The sentiment above appears to be what was on the minds of tens of thousands of British consumers who flocked to the United Kingdom's most upscale and premium-oriented supermarket chain, Waitrose, on the days leading up to Christmas, December 25.
And December 23, Christmas Eve, was the biggest day of all. In fact, it was the biggest day in history for upscale Waitrose [Web site: Waitrose.com.]
The specialty, premium, gourmet, fresh-prepared and natural foods-focused supermarket chain, which is owned by Britain's John Lewis Partnership, took in £34.4m from more than 879,000 transactions on December 23, beating the previous record of 754,000 set in December 2006, the company reported this week. Waitrose is a full-service general format supermarket in addition to its upscale focus.
Waitrose says it benefited from a "late shopping surge" in the last three days before Christmas, which resulted in a 12% rise in same store sales for the chain.
On Christmas eve, sales were 5% over Christmas Eve 2007, while in the week leading up to Christmas, same store growth was 3.5%, according to Waitrose managing director (CEO) Mark Price.
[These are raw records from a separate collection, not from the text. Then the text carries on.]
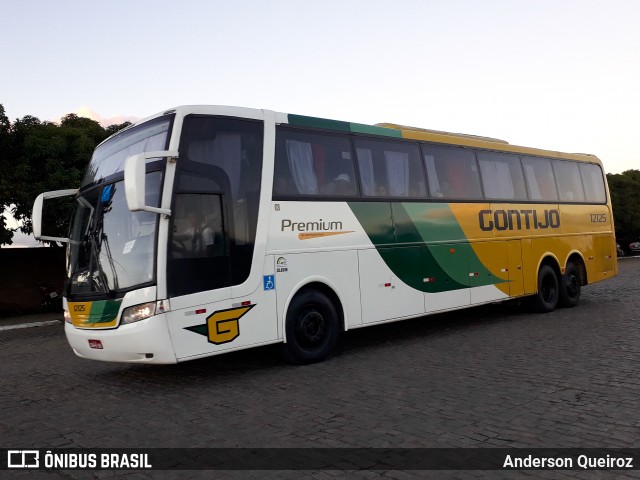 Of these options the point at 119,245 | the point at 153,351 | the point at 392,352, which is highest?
the point at 119,245

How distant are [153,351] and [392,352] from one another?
395 centimetres

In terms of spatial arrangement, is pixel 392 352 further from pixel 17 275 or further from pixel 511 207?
pixel 17 275

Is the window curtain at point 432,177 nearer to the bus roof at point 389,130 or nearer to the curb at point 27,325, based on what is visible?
the bus roof at point 389,130

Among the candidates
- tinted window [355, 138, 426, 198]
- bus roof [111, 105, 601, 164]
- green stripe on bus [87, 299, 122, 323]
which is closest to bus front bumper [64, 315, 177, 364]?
green stripe on bus [87, 299, 122, 323]

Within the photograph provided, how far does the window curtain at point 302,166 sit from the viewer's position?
855 cm

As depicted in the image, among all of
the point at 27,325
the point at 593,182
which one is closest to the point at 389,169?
the point at 593,182

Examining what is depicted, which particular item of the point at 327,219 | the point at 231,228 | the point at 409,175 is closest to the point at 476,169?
the point at 409,175

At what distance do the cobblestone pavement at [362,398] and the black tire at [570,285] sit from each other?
325cm

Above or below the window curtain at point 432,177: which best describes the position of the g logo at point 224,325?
below

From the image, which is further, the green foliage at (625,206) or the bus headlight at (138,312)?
the green foliage at (625,206)

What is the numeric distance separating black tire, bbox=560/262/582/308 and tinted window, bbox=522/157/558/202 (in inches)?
71.7

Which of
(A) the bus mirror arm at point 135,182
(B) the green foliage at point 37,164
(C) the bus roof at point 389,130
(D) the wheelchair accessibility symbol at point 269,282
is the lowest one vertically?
(D) the wheelchair accessibility symbol at point 269,282

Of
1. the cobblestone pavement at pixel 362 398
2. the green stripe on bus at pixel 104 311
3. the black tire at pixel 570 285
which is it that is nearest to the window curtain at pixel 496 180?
the black tire at pixel 570 285

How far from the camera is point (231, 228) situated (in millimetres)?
7672
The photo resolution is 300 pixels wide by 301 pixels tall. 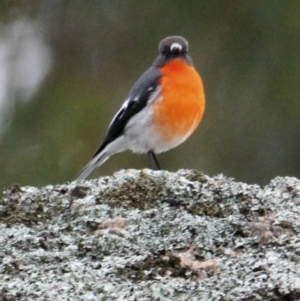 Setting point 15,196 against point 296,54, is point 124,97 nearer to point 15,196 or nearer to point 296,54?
point 296,54

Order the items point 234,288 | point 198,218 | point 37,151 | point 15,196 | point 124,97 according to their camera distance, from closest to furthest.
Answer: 1. point 234,288
2. point 198,218
3. point 15,196
4. point 37,151
5. point 124,97

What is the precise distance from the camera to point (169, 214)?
2.27 metres

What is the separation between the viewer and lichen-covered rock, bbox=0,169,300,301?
5.89 ft

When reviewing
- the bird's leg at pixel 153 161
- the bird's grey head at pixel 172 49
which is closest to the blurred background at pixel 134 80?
the bird's grey head at pixel 172 49

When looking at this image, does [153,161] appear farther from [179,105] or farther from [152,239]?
[152,239]

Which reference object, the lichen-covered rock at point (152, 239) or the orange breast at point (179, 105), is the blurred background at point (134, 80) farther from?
the lichen-covered rock at point (152, 239)

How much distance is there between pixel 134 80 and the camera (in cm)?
683

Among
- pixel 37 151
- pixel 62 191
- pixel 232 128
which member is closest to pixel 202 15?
pixel 232 128

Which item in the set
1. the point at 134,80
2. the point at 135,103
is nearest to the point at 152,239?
the point at 135,103

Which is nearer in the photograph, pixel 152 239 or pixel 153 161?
pixel 152 239

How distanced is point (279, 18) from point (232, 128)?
3.16 ft

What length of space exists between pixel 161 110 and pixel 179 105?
156mm

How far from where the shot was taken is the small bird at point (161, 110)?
225 inches

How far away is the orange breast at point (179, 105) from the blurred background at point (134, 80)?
2.03 feet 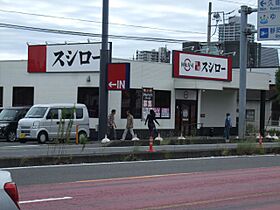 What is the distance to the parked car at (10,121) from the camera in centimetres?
3006

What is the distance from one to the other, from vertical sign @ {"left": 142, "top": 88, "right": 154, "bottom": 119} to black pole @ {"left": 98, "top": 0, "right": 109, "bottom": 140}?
4159 mm

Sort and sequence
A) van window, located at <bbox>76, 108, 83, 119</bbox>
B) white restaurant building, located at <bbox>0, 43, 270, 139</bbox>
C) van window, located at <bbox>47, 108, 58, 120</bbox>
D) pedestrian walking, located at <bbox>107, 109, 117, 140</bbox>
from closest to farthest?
van window, located at <bbox>47, 108, 58, 120</bbox>, van window, located at <bbox>76, 108, 83, 119</bbox>, pedestrian walking, located at <bbox>107, 109, 117, 140</bbox>, white restaurant building, located at <bbox>0, 43, 270, 139</bbox>

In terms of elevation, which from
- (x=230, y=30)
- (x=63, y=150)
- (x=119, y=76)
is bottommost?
(x=63, y=150)

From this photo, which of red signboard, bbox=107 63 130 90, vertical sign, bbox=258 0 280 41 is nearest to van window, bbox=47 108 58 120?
red signboard, bbox=107 63 130 90

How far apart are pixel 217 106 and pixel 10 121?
698 inches

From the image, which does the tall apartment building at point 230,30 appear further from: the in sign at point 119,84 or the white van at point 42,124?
the white van at point 42,124

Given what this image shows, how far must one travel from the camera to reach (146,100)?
35.3 meters

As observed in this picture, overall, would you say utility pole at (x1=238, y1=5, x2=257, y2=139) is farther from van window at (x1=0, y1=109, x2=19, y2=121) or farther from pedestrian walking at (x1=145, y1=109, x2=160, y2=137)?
van window at (x1=0, y1=109, x2=19, y2=121)

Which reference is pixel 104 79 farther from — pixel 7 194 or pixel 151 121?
pixel 7 194

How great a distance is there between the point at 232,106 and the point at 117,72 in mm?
15059

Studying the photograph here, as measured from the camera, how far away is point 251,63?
6475cm

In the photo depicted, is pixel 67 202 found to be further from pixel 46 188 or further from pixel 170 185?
pixel 170 185

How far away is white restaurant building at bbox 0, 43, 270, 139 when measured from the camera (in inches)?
1364

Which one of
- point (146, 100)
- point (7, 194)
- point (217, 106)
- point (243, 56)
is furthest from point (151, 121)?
point (7, 194)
Chief executive Price says shoppers were filling their carts with Christmas holiday foods, along with buying lots of specialty foods items as gifts.
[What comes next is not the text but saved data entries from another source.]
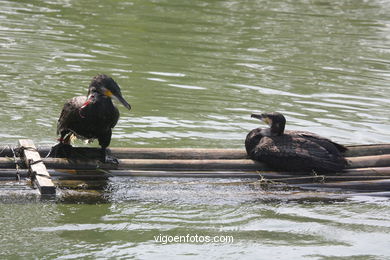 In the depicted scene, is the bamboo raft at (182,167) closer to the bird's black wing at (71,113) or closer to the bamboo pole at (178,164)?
the bamboo pole at (178,164)

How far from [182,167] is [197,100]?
12.5 ft

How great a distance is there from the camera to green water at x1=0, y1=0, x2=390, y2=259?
20.9ft

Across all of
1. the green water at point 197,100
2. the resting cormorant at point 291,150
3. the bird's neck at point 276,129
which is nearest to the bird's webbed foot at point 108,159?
the green water at point 197,100

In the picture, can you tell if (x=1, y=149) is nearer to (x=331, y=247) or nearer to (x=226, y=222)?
(x=226, y=222)

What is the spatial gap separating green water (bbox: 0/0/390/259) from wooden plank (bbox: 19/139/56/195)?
20 cm

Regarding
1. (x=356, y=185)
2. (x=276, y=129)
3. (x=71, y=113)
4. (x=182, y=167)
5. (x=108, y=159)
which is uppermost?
(x=71, y=113)

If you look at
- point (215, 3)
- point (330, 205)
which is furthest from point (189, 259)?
point (215, 3)

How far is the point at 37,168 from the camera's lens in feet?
22.0

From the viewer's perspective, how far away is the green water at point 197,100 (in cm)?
637

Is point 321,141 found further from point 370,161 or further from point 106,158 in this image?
point 106,158

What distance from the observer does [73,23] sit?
15617 mm

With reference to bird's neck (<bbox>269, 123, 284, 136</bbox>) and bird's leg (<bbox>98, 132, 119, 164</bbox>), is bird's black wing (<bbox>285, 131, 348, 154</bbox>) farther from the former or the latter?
bird's leg (<bbox>98, 132, 119, 164</bbox>)

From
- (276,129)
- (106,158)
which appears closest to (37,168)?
(106,158)

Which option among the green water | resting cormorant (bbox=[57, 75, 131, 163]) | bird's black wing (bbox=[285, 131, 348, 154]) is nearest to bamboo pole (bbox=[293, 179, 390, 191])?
the green water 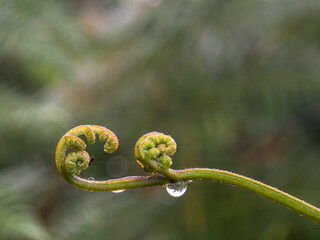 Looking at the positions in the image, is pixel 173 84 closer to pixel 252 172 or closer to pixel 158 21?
pixel 158 21

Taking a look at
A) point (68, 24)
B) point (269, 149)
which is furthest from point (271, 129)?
point (68, 24)

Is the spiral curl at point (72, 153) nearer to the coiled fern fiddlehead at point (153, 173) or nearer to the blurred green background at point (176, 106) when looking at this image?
the coiled fern fiddlehead at point (153, 173)

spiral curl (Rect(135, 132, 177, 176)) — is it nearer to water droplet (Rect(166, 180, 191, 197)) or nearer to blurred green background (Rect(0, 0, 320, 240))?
water droplet (Rect(166, 180, 191, 197))

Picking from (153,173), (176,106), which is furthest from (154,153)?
(176,106)

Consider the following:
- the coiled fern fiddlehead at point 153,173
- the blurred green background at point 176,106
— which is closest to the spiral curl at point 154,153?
the coiled fern fiddlehead at point 153,173

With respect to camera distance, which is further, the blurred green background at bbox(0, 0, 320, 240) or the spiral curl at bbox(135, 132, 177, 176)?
the blurred green background at bbox(0, 0, 320, 240)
Waitrose tossed out some numbers regarding item sales during the week leading up to Christmas: It says it sold 231,000 fresh and frozen turkeys, 350 tons of British cooked meats, over 12 million mince pies and millions of boxes of chocolates.
It appears that despite the very severe economic recession in the UK, thousands of consumers decided to spend their money on a traditional Christmas when it came to food.
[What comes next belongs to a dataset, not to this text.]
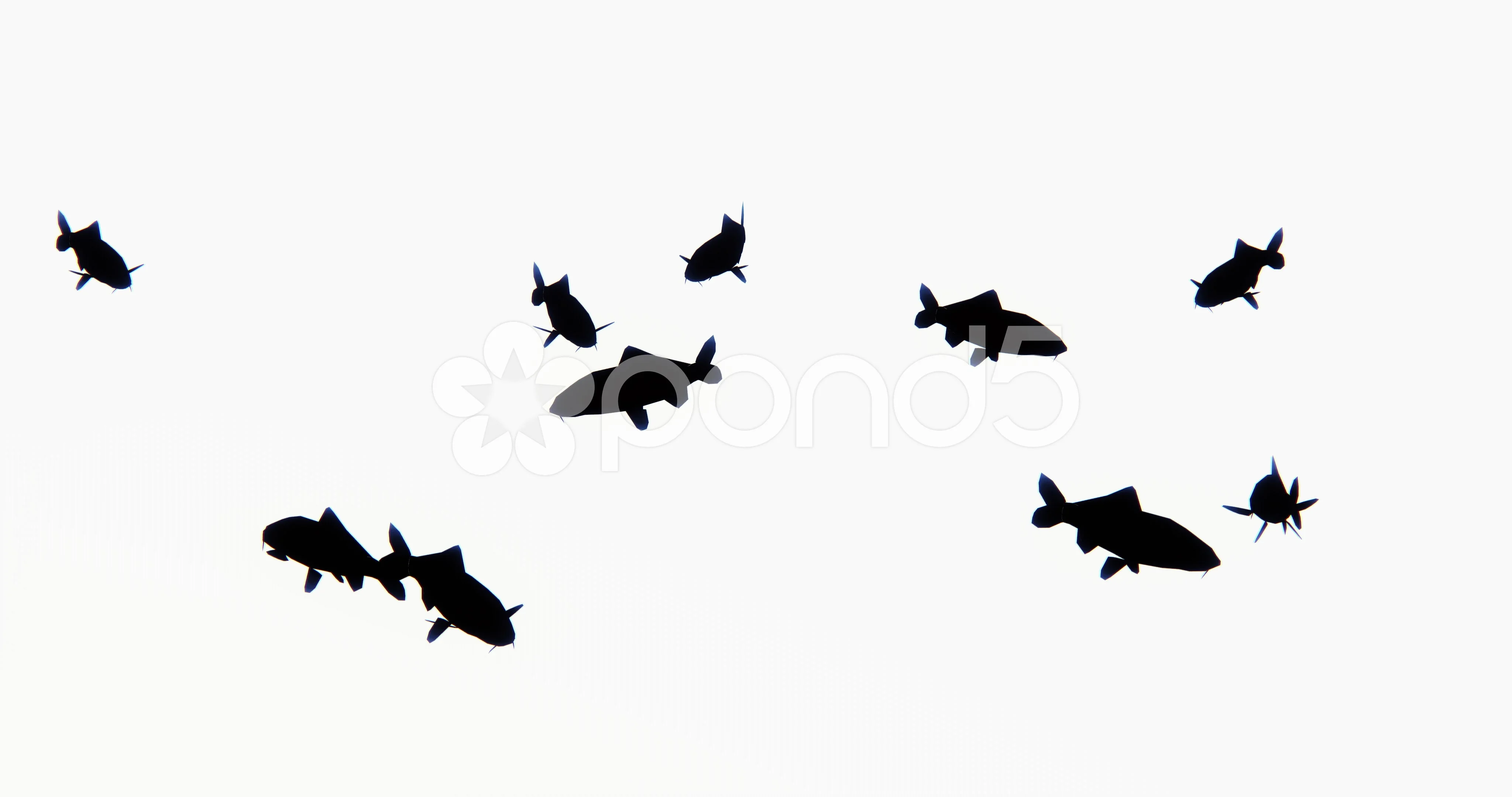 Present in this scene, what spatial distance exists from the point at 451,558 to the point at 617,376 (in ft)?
3.43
Our analysis, and this holds for our observations in the U.S. as well, is that numerous consumers decided that instead of spending the amounts of money they normally have in previous years on Christmas presents -- clothing, electronics, toys and the like -- that this year they would spend much less on such gift items, but spend more on food, as well as purchase more food items as gifts.
The percentage decreases among department, toy and other gift-oriented stores in both the UK and U.S. bare out our analysis, we believe. In contrast, numerous supermarket chains, including upscale grocers such as Waitrose in the UK and similar format retailers in the U.S., are reporting very strong Christmas holiday sales in their stores.
Additionally, it appears to us that many consumers who might traditionally have had Christmas dinner out at a restaurant (holiday restaurant sales in both the UK and the U.S. were down over last year) or travel away from the home for the holiday (hotel bookings were down considerably for Christmas this year), stayed home, and dined at home, thus leading them to spend more money at the supermarket, including on fancy holiday foods -- money they saved by not dining out or staying home rather than going away for the holiday; or both.